Across both venues, Artery responds to the particularities of the gallery spaces and locations. At Nottingham Contemporary, the works have been installed along and behind a series of angled walls, apertures and peepholes; at Camden Art Centre, the exhibition will be reimagined, and will be joined by new paintings and works in ceramic. All of the works in Artery were made during the last 18 months, in the midst of an ongoing series of national lockdowns. The questions they ask – of communication and connection, of intimacy without touching – are as much a response to this current moment as a continued exploration of themes that have persisted throughout painting's history.




Artery is accompanied by a publication, designed by Studio Mathias Clottu.

Mélanie Matranga: 0, 1, 2, 3, 4

Nottingham Contemporary presents the first institutional solo show in the UK by French artist Mélanie Matranga, 0, 1, 2, 3, 4. Comprising a gallery-wide installation, a new moving-image commission and a selection of sculptures, the exhibition untangles the intricacies of our everyday lives, from relationships and work to wellbeing and money. By turns intimate and elegiac, Matranga’s installations contemplate our fraught relationship to language, representation, images and memory.

In a moment when we have become accustomed to confinement and isolation, and where the current COVID-19 pandemic has prompted a rethinking of proximity and touch, Matranga’s work offers a deeply affecting reading of the personal and social. It navigates questions of self-perception and the politics of being together with an attentiveness to the poetry of the everyday.

Fundamental to 0, 1, 2, 3, 4 is how what might usually be private or hidden becomes public. New sculptural works – assemblages, domestic panoramas and a maquette of the artist’s own apartment/studio – offer worlds within worlds; fruit, flowers, clothes and cigarettes haunt the space. Matranga’s installations often have a diaristic quality, where handstitched words and numbers recall intimate thoughts, exchanges and encounters.

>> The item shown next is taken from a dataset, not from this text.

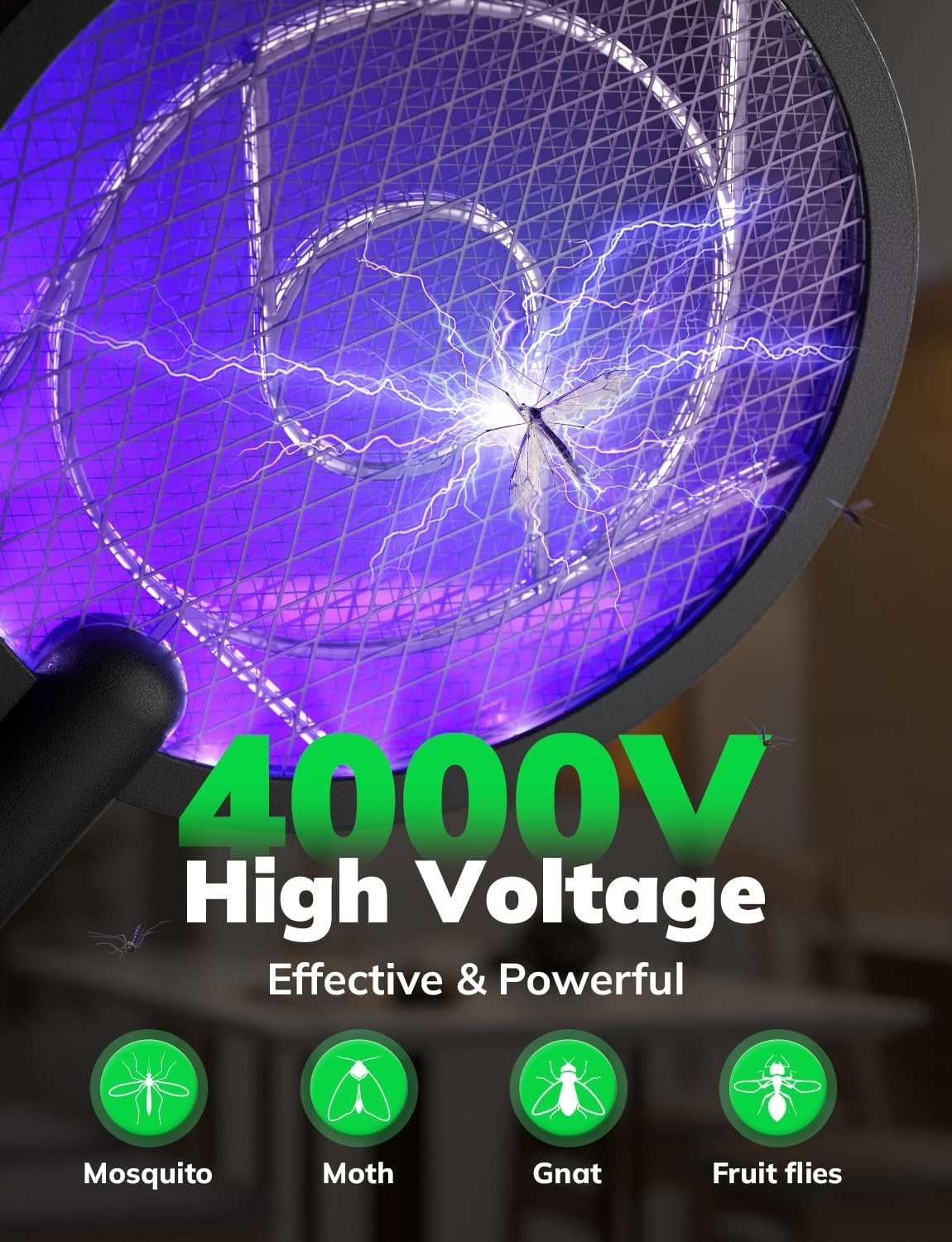 YISSVIC Electric Fly Swatter Bug Zapper Racket 4000V LED Screen Dual Modes Fly Zapper Rechargeable for Indoor Home Office Backyard Patio Camping-VerdiqueGarden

The exhibition includes Matranga’s most ambitious moving-image work to date, People (2020), a 25-minute black and white film. Shot in the artist’s own apartment, People follows characters from Matranga’s own life, playing ‘themselves’ in front of the camera. Contrasting moments of isolation and togetherness draw out feelings of dependency, angst and pain, both real and imagined. Interspersed with this are scenes of sex and desire, as People toys with the erotic as both a loss and overspill of the self and others. As with all of Matranga’s films, she resists a singular reading of intimacy, instead preferring to play with the poetics of pleasure and plurality.

Erika Verzutti

The first solo presentation in a UK museum by the Brazilian artist Erika Verzutti gathers sculptures from the past 15 years alongside a body of new work and a site-specific commission. This survey draws together key examples of her vocabulary of recurring forms, which combine allusions to the natural world with references from art history.

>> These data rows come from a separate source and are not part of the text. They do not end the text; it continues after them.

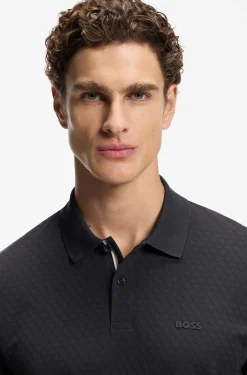 Cotton-piqué polo shirt with printed pattern
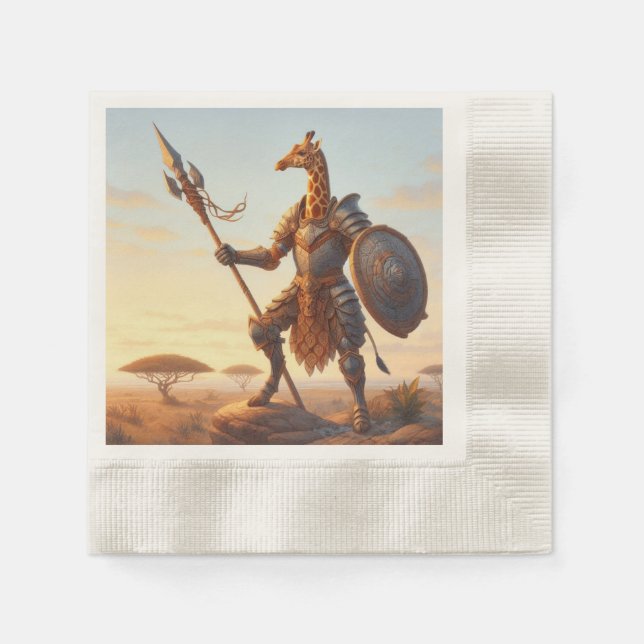 Giraffe warrior napkin (Front)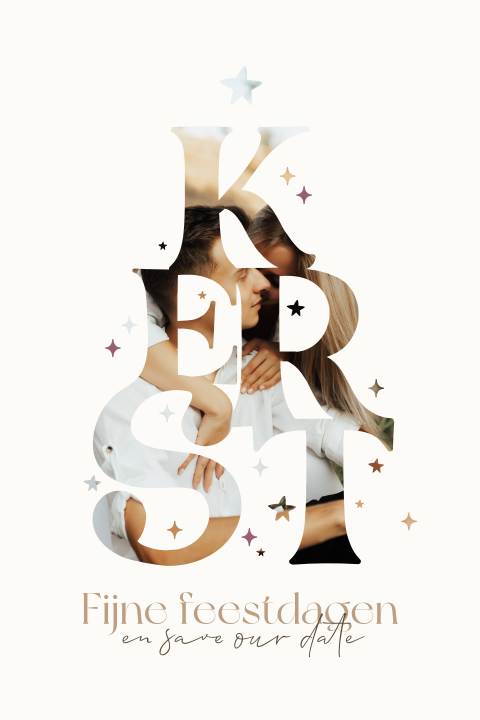 Kerst save the date met foto in originele vorm en sterretjes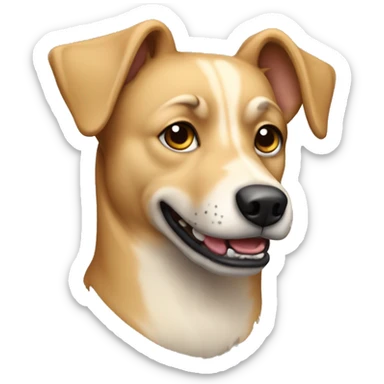 beige mongrel dog  sticker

For Nottingham Contemporary, Verzutti presents more than 40 existing works. Often humorous forms are realised in a core set of materials that include bronze, concrete and papier mâché. At times seemingly primordial, the sculptures draw from a range of visual sources, including domestic objects, vegetables, newspaper clippings, internet phenomena and art history. Verzutti reimagines works from such artists as Brancusi, Picasso and Jeff Koons, a playful nod to the magnitude of their dominance in the art-historical canon. The exhibition includes wall reliefs; hefty rectangular apertures that explore the point at which painting and sculpture meet.

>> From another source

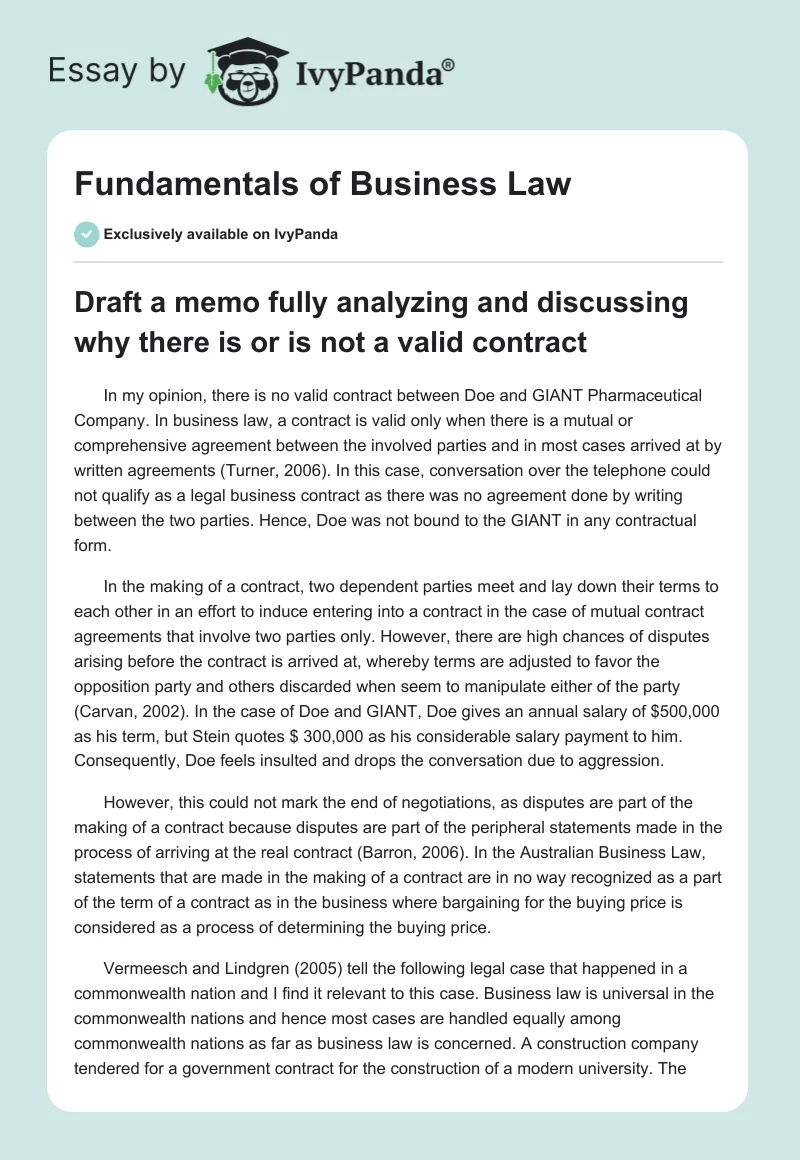 Fundamentals of Business Law. Page 1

In this exhibition, Verzutti’s home country represents important points of departure. In sculptures moulded from jackfruits, which can be considered symbolic of Brazil, she defies the Brazilian modernist tradition, slicing, carving and sculpting the fruits in a tactile celebration of contrasting surfaces. Verzutti continues her reference of Brazil in tributes to painter Tarsila do Amaral which take form in many works as a swan, cucumber or dinosaur.

Alongside these works are a series of new sculptures made from papier mâché, a material that Verzutti has said allows her a new freedom and autonomy, and a new life-size bronze commission that the artist refers to as Venus, the mother of all sculpture.